Like all authors, I possess limitless power over my characters’ development. With a few well-chosen clicks of the keyboard, I can create a risk taker or a coward; a nurturing parent or a jealous shrew; a responsible CEO or a charming playboy.
So why was I having so much trouble wrapping my head around Jenna, one of my secondary characters in FUR BALL FEVER? Her goal, her motivation, her entire personality eluded me. I couldn’t picture her. Part of my problem, I believe, stemmed from the fact that Jenna, although a minor character in FUR BALL FEVER, will become the heroine of the next book in the Condo Capers Mystery series.
I decided it was time to go back to basics, so I hauled out my trusty Complete Writer’s Guide to Heroes and Heroines by Tami Cowden, Caro LaFever, and Sue Viders. Presto, Jenna is now a Spunky Kid, complete with a child of her own, and on the run from her past.
Here’s the summary of a Spunky Kid archetype:
“Gutsy and true, the Spunky Kid is loyal to the end. She is a favourite of many writers, and for good reason. You can’t help but root for her. She’s the girl with moxie. She’s not looking to be at the top of the heap; she just wants to be in her own little niche. She’s the team player, the one who is always ready to lend a hand. Think Meg Ryan in Sleepless in Seattle, Melanie Griffith in Working Girl, Mary Tyler Moore in The Mary Tyler Moore Show, Whoopi Goldberg in Sister Act, Fiona in Shrek.”

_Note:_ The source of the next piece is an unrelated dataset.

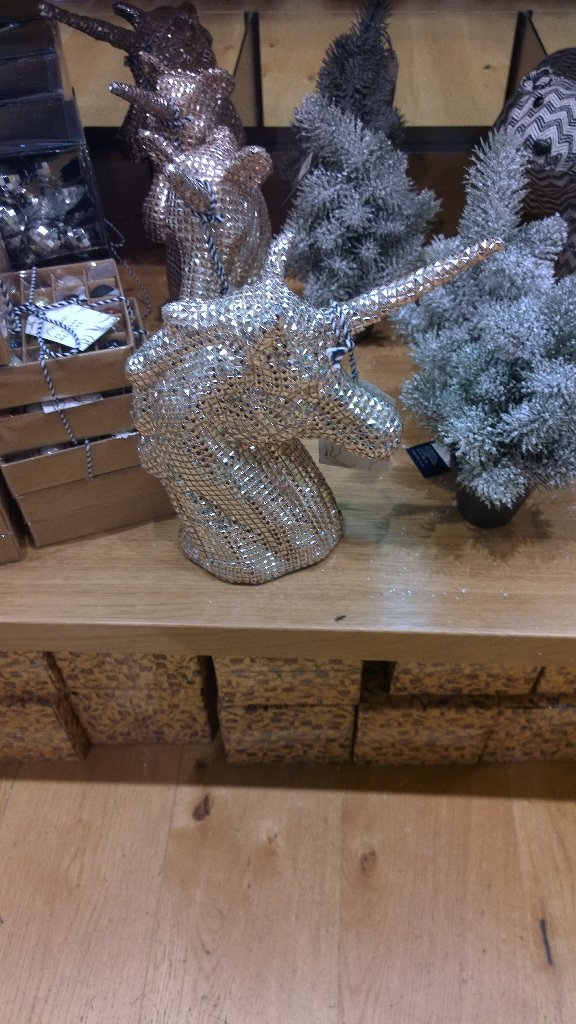 rtidwell730's tweet photo. Ideas anyone? #Itssparkly https://t.co/CNpuGWLqSp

With the power comes the responsibility. As an author, it is my job to lay the groundwork for Jenna’s story in the next book of the series. I need to understand everything that makes her tick, even if she refuses to reveal herself fully in FUR BALL FEVER. To do Jenna justice, I need to know about her background, her personality, her issues and traumas, her goals and motivation, her internal and external conflict.